À semelhança do estilista francês, o futuro escritor sairia, na plenitude da existência, em busca da cidade perdida, sabedor de que o talento para a ficção é vantagem que lhe favorece a prosa:

O historiador tem a obrigação moral de copiar a verdade, e por isso corre o risco de se transformar num chato de galochas; ao passo que o outro, ainda mais se tiver talhado no sangue um veio de romancista, pode edulcorar a realidade com os adornos que para ele são reais e para os leitores podem ser deleite.
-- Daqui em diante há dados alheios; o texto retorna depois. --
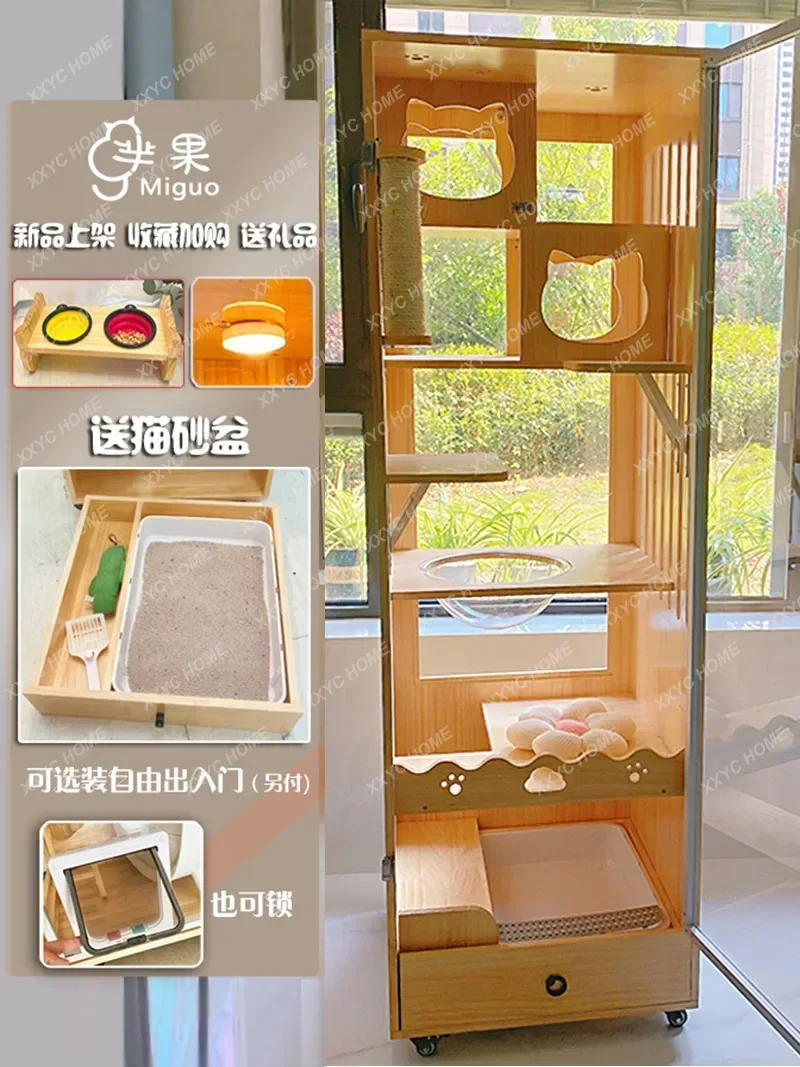 Вилла с туалетом Встроенный бытовой кошачий домик Подвесная чаша для кошек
Pedro Rogério não apenas leu e releu o que se tem de melhor na literatura inspirada por Belo Horizonte, mas deu-se o trabalhoso propósito de fazê-lo comparativamente, à procura de descrições e de narrativas que se possam ter como elos entre A Capital, de Avelino Fóscolo, e Inquietude, melancolia, de Eduardo Frieiro; ou O amanuense Belmiro, de Cyro dos Anjos, e O encontro marcado, de Fernando Sabino; ou Memórias de um chauffeur de praça, de Moacyr Andrade, e Prisioneiro do círculo, de Ricardo Gontijo; ou O cabo das tormentas, de Frieiro, e Hilda Furacão, de Roberto Drummond… A colheita é substanciosa: elementos com tamanha riqueza que compõem um painel belo-horizontino válido também para Fortaleza, Recife, Salvador, Porto Alegre ou qualquer outra capital naquelas alturas do século XX. Cenas em que se distingue, sobretudo, a realidade econômico-social da classe média, com os atores que lhe são próprios: empregados, profissionais liberais, jornalistas e funcionários públicos. Estes, os que conseguem, à força de amizades e cavações, viver à custa da burocracia, à sombra do governo, como bácoros famélicos a mamar eternamente nas tetas da Grande Porca, o estado–mãe que a todos provê.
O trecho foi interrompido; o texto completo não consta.